Thanks everyone. I made a new post with the updated stain stick :-D


----------



## JayJay (Feb 21, 2015)

Hi all! I am new to soap making and yes I am already addicted. I was just headed down to make my first batch of laundry soap and I am so glad to find this thread. 

Questions:
How many parts of washing soda, borax, and/or oxygen do you all use per parts of grated soap? 

Has anyone tried adding the other additives (soda etc) to the bar while processing? Or would the lye ruin something? 

Does this powder work as well as commercial soap? I am a tide (powder) user currently.

The batch I am about to make will have 100% coconut oil with 0%superfat and scenting with a citrus EO blend.

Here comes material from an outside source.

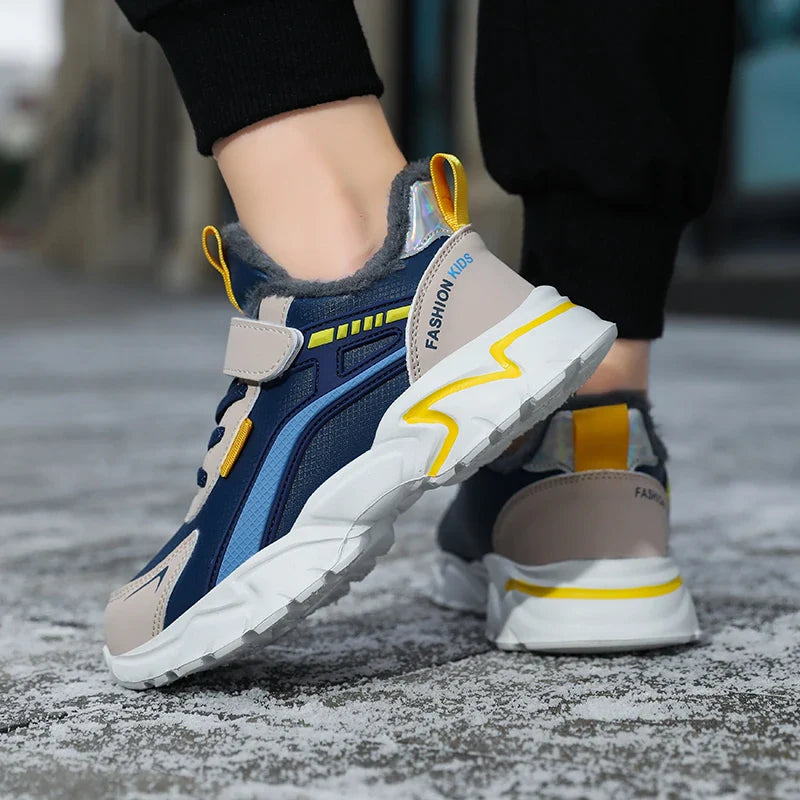 Girls Sneakers Fashion Non-Slip Casual Flat Running Shoes Breathable Lightweight Outdoor Tennis Shoes for Kids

How much EO should I use?  I was thinking about 1%. Is that enough? 

Any help would be appreciated. I have to make every batch count because DH is already growing weary of my new soap obsession.


----------



## Susie (Feb 21, 2015)

You can't add soda to the soap while making it because soda is another alkali, and will throw off the formula.  

You are using a lye calculator, right?  If it is soapcalc.net, just stick with the default 0.5 oz EO/PPO.


----------



## JayJay (Feb 21, 2015)

Yes I am using soap calc but I read somewhere that citrus EO fades easily. I thought that more citrus may boost the cleansing power. But you are probably right. I shouldn't stray from the default, at least until I know how it will come out. 

Thanks for the help!


----------